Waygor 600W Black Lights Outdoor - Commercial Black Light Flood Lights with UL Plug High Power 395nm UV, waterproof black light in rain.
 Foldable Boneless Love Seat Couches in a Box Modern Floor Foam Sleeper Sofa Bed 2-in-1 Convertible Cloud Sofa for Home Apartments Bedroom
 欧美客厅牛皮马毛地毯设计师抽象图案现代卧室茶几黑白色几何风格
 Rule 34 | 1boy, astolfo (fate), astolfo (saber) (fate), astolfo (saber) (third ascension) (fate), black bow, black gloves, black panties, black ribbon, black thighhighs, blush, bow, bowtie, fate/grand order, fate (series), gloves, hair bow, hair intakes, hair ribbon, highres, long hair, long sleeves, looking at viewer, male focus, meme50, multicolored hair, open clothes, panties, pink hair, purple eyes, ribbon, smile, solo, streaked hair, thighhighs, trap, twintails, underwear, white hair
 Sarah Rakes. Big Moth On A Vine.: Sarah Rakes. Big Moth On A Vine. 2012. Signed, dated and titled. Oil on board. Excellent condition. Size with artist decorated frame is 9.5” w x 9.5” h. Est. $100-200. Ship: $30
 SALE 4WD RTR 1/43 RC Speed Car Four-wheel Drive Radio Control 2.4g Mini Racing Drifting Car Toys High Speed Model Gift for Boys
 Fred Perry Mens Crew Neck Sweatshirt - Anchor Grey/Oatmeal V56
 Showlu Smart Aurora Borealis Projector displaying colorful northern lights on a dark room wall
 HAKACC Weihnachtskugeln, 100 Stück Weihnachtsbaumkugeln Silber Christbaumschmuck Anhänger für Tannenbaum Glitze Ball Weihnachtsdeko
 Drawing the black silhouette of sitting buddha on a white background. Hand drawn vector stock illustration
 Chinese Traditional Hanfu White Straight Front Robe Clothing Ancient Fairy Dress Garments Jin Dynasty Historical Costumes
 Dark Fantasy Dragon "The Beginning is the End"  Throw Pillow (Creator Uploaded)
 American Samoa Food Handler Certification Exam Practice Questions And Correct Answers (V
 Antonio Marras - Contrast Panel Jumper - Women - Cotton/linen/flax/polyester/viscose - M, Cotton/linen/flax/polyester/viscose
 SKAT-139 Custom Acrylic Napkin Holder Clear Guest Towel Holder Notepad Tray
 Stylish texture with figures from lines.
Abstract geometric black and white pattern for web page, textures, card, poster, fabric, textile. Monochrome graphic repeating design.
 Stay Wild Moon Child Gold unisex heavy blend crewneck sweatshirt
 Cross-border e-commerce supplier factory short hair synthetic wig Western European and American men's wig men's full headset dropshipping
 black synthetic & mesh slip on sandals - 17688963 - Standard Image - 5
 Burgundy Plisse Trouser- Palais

## [PROBLEM REQUIREMENTS]
Up to and including the line that holds "欧美客厅牛皮马毛地毯设计师抽象图案现代卧室茶几黑白色几何风格", reproduce the records above exactly from their first line, and give nothing else.

## [TASK RESULT]
Waygor 600W Black Lights Outdoor - Commercial Black Light Flood Lights with UL Plug High Power 395nm UV, waterproof black light in rain.
 Foldable Boneless Love Seat Couches in a Box Modern Floor Foam Sleeper Sofa Bed 2-in-1 Convertible Cloud Sofa for Home Apartments Bedroom
 欧美客厅牛皮马毛地毯设计师抽象图案现代卧室茶几黑白色几何风格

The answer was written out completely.